Mit Freude für die Stadt und ihre Menschen.

Aus Beteiligung lernen! Aus Fehlern lernen!

1. Mai 2018

Bürgerbeteiligung hat bei uns schon Tradition. Wie viel wir in der Richtung seit meinem Amtsantritt in 2012 schon bewegt haben, wurde mir neulich wieder so richtig bewusst:

nämlich als das Baden-Württemberg-weite Netzwerktreffen am 27. April in Herrenberg Station machte, mit dem Thema „Beteiligung vor Ort“. Schaut man auf die Veranstalter und die Teilnehmer …

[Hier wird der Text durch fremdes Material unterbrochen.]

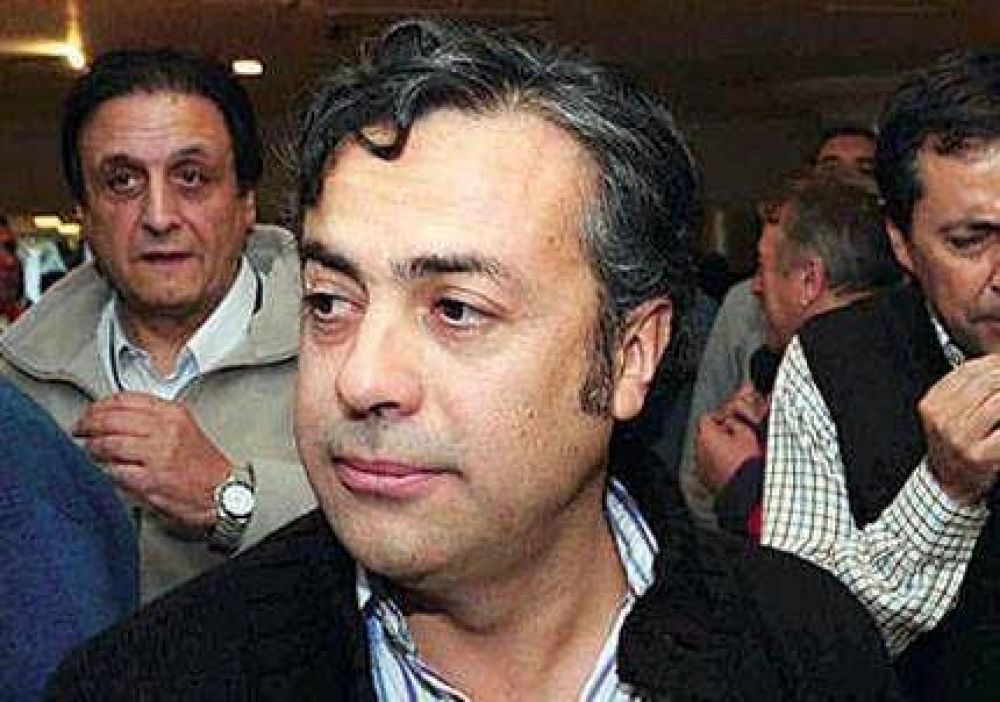 Me ver�s volver... canta Cornejo.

… das BW Staatsministerium, das BW Ministerium für Soziales und Integration, die BW Allianz für Beteiligung und die Stadt Herrenberg …

… ist klar: Thema und Veranstaltung erhalten bis auf hohe Regierungsebene hinauf viel Beachtung und Bedeutung!

Genauso schnell war klar: Die Technischen Dienste sind an diesem Tag als Gestalter mit von der Partie. Wir gingen mit zwei Workshops an den Start: Beteiligung von Kindern“ und „Aus Beteiligung lernen“:

Was zeichnet gelungene Beteiligungsprozesse aus? Wie kann man aus Fehlern lernen?

In dem Untertitel des Workshops steckt eine Ladung Dynamit. In erster Linie für mich selbst: Wer redet schon gern in aller Öffentlichkeit über Projekte, die – subjektiv gesehen – eher suboptimal liefen? Wie oben gesagt: Wir blicken mittlerweile auf viele Projekte mit Bürgerbeteiligung zurück – tolle Beteiligungsprozesse, bei denen viel Gutes bewegt wurde, an die ich zum größten Teil voller Freude und Zufriedenheit zurückblicke. Bis auf eins. Und genau dieses eine sollte in meinem Workshop im Fokus stehen.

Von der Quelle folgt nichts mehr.